Human lung development is largely unknown and what is known has been interpreted from loss-of-function mouse models. my research program goal is to advance our understanding of the molecular and cellular processes that drive human lung development and disease, leading to improved derivation of lung tissue from pluripotent stem cells, and translating into novel stem cell-derived therapies for lung diseases.
Research program goal
To advance our understanding of the molecular and cellular processes that guide human lung development and disease, leading to improved derivation of lung tissue from pluripotent stem cells, and translating into novel stem cell-derived therapies for lung diseases.
The adult lung consists of more than 60 cell types organized in a complex branching system with multiple functions, including gas exchange, detoxification and immune surveillance. These functions are regulated by the cells that reside in the different regions of the lungs, from the multi-epithelial cell lineages forming the pseudostratified epithelium of the proximal airway to the thin monolayer of alveolar cells of the respiratory epithelium. How the lung arises from a sheet of embryonic endoderm and give rise to such an intricate organ with all the different cell types in the adult lung remains largely unknown. With improving single cell technologies, new cell types are being discovered, but the origins of these cells, their relationship with known cell types and their functions during development, disease and repair have yet to be determined.
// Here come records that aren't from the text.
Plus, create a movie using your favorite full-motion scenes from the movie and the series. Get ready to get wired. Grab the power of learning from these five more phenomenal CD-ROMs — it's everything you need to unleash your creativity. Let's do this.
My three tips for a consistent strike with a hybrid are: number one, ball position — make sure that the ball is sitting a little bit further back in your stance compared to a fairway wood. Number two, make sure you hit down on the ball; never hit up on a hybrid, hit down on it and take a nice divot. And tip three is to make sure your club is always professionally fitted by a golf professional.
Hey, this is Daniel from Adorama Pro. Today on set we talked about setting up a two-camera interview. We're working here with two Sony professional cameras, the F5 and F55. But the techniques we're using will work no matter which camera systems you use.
Furthermore, human lung development remains largely unknown because embryonic and prenatal lung tissues are not easily accessible. Present knowledge of the genes and regulatory pathways that control lung development derives mostly from loss-of-function mouse models. However, the details of mouse lung development may not capture human processes, because mouse and human have distinct genetics, phenotypes, and lung structures. One way to circumvent mouse and human lung differences is to use human induced pluripotent stem (iPS) cells to model human development. I developed novel human models of lung derived from embryonic stem (ES) and iPS cells. My research program will use these models to discover the fundamental genetic and molecular processes that dictate how the human lung develops, how disease mutations such as CF affect lung development and progressive lung disease, and novel cell-based develop tools for personalized medicine.
Cystic Fibrosis (CF) is a genetic disorder affecting 1/2500 live births in Canada. While it is a multi-organ disease the main cause of morbity and mortality is due to the disease in the lungs. Mutation in the CF Transmembrane Conductance Regulator (CFTR) gene was identified as the primary genetic cause of CF. The CFTR protein is localized to the apical epithelial membrane and functions to transport ions and fluids across the epithelia. The loss of CFTR channel function or presence caused by disease mutations leads to mucus obstruction in the airways increasing the susceptibility to recurrent bacterial infections and chronic inflammation that ultimately destroys the lungs.
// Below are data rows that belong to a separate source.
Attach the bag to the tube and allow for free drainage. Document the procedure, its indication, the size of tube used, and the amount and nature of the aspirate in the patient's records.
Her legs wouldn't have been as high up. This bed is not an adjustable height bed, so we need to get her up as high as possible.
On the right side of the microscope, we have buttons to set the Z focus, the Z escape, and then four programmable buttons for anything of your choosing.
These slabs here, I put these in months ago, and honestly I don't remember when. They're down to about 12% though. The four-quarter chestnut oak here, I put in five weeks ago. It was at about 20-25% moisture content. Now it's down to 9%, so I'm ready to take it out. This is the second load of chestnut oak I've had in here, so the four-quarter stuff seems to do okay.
During lung development, CFTR has been implicated in mechanicosensory, lung morphogenesis and progenitor cell function however a direct link has not been shown. In utero gene transfer of anti-sense CFTR mRNA prevent lung development and cell differentiation in mouse lungs. Meanwhile over expression of CFTR in utero increases bronchial cell differentiation and proliferation at the expense of alveolar development.4 These studies implicate the role of CFTR in early lung development that may ultimately affect progressive lung deterioration and clinical responses to therapies.
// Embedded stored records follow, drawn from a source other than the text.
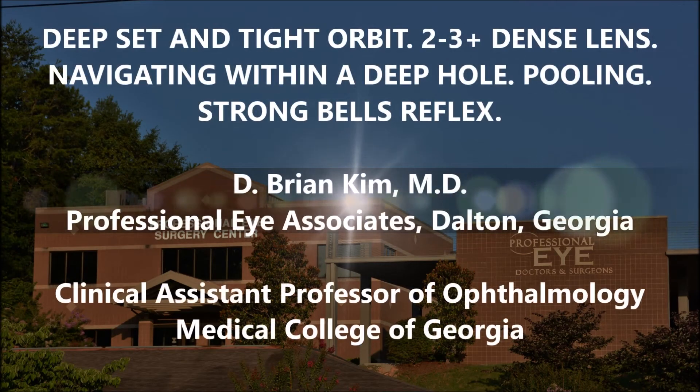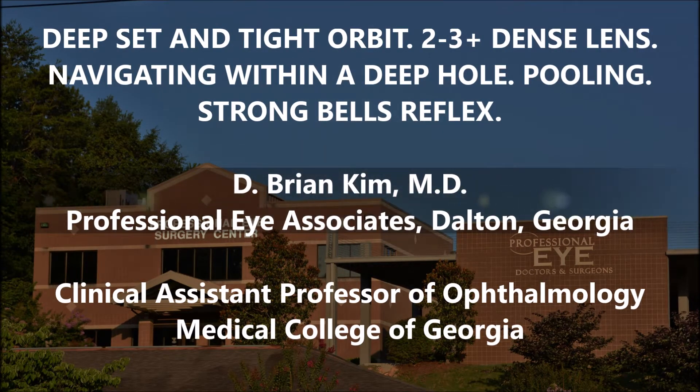Hi, this is Brian Kim. I'm going to share with you this case of a patient who has a 2 to 3 plus dense lens, and there are two challenging parts to this case. This patient has a really deep set and tight orbit, so you're feeling like you're having to work in a hole, and also this patient has a strong Bell's reflex.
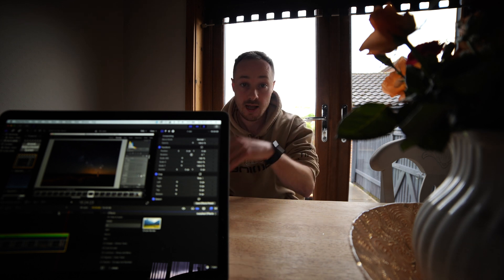I forgot to film an outro for this video, so here we are. That is how I shoot and edit my astro photos using a kit lens. I hope this was helpful — thank you very much Alan for the question. If anybody else has some, submit them down below or on my Instagram. Thank you very much for watching, I'll hopefully see you again. Take care.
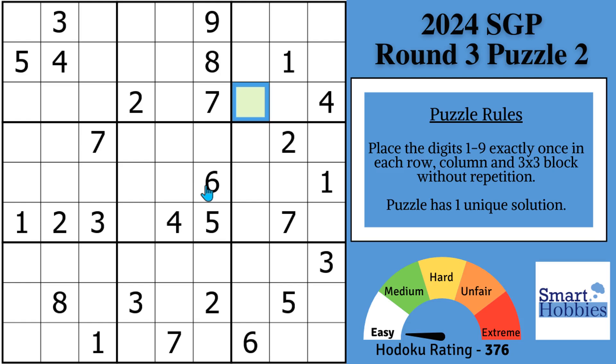I will show you the technique that is key to solving Sudoku puzzles with no marks. I'll also give you some bonus tips and tricks along the way to solving the green cell.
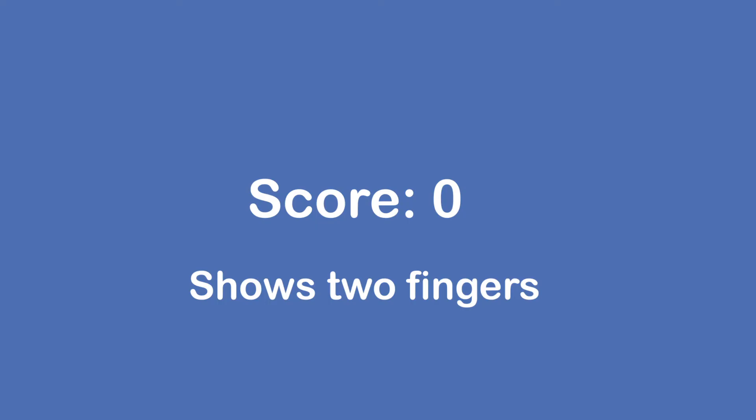Okay, and can you tell me what this is? Sir, can you show me two fingers? Excellent, good job. Sir, can you show me two fingers? Show me two. Two fingers. Okay.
My lab will define a deeper understanding of the progression of early human lung development from a pluripotent stem cell to the formation of mature lung using human stem cell-derived models that I have developed along with parallel animal models. These studies will shed critical insight into the genetic and molecular causes of lung diseases such as CF and ultimately translate into improved derivation of human lung tissues for modeling and novel stem cell-based therapies for lung diseases.
My research program will provide a comprehensive understanding of how specialized human lung epithelial cells are developed and contribute to diseases. This will inform strategies to generate novel relevant models to study personalized human lung diseases in a dish and therapy discoveries. My research program will provide an exciting interdisciplinary training environment, produce high-impact papers and lead to future clinical translation directly in lung disease.